Bir akşam Aydan, Cem ile konuşmak için evine gider. Genç mimarın küstah konuşmaları ve ukala tavırları başlangıçta Aydan‘ın tepkisini çeker. Kocası Haluk’la genç mimar hakkında konuşmaya çalışır ancak kocasının gözü başhekimlikten başka bir şey görmemektedir ve ilişkileri giderek bozulmaktadır. Aydan, çocuk parkı için Cem’le yaptığı her görüşmede ondan daha fazla hoşlanmaya başlamıştır. Cem’in sorumsuz tavırları, aşağılayıcı gülüşleri, kibarlığı ve esrarengiz kişiliği Aydan’ı etkilemektedir.Cem’den uzak durmaya çalışır ancak kocasının ilgisizliği Cem’e daha da yakınlaşmasına neden olur.
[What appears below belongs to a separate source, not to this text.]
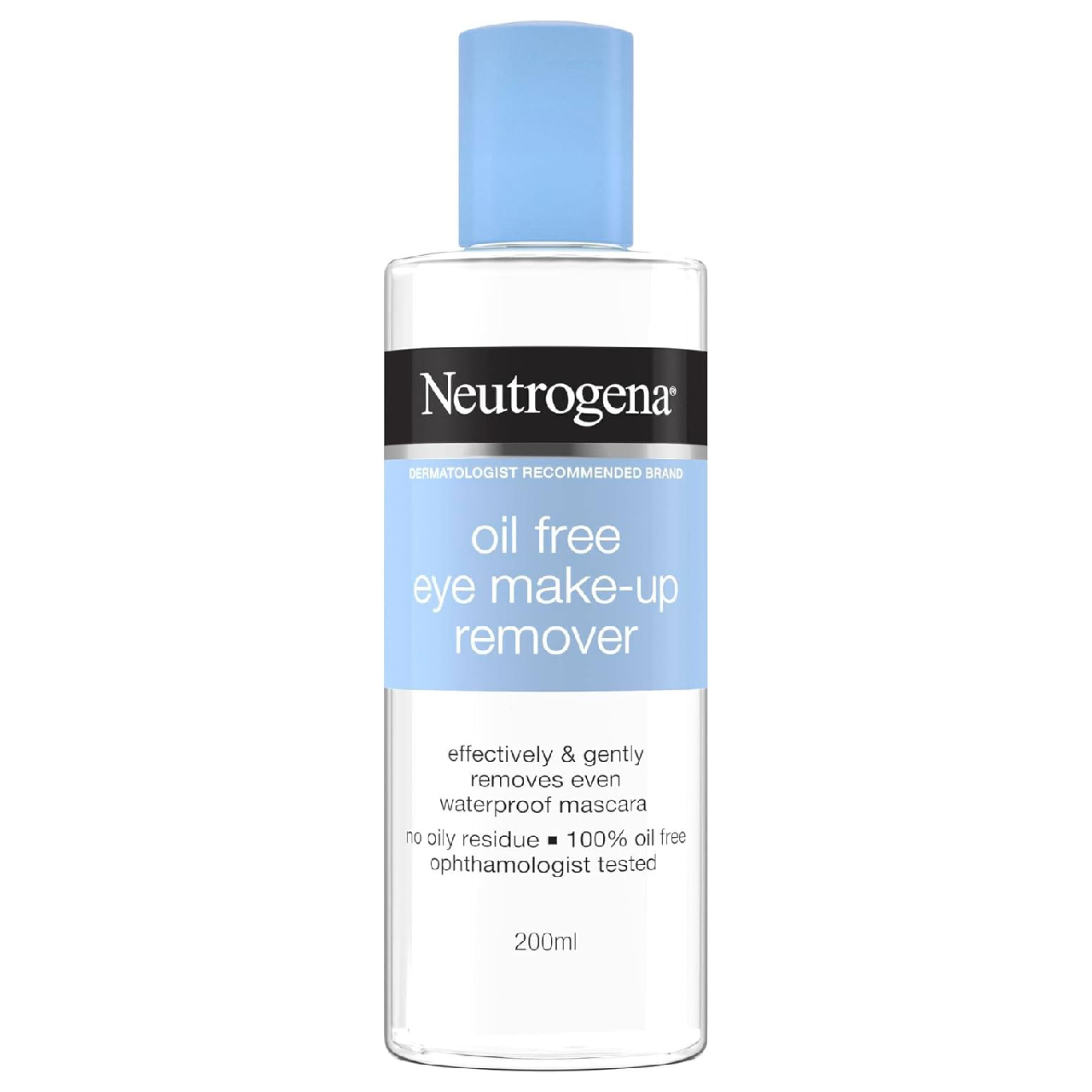 Neutrogena Oil-Free Eye Makeup Remover bottle displayed against a white background.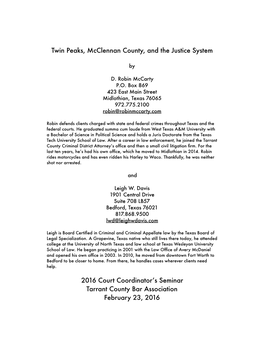 Twin Peaks, Mcclennan County, and the Justice System 2016 Court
Artık ikili çocuk bahçesinden ziyade ilişkileri hakkında konuşmaya başlamışlardır. Aydan artık Cem’i düşünmekten kendini alamaz. Sürekli onunla olmak ve yeni heyecanlar yaşamak istiyordu. Bir süre sonra Aydan artık kendine engel olamaz ve Cem ile birlikte olmaya başlar. Başlangıçta bu durum, üzerinde büyük bir suçluluk duygusu uyandırır. Kocasını aldattığı için vicdan azabı duyar. Fakat giderek kendisini daha mutlu hissetmeye ve yaşamdan zevk almaya başlar. Cem ile gizli gizli birlikte olmaya devam eder. Gerçi Cem zaman zaman Aydan’a karşı ilgisiz davranmakta ve bu durum Aydan’ı rahatsız etmektedir ancak yine de onunla birlikte olmaktan hoşlanmaktadır.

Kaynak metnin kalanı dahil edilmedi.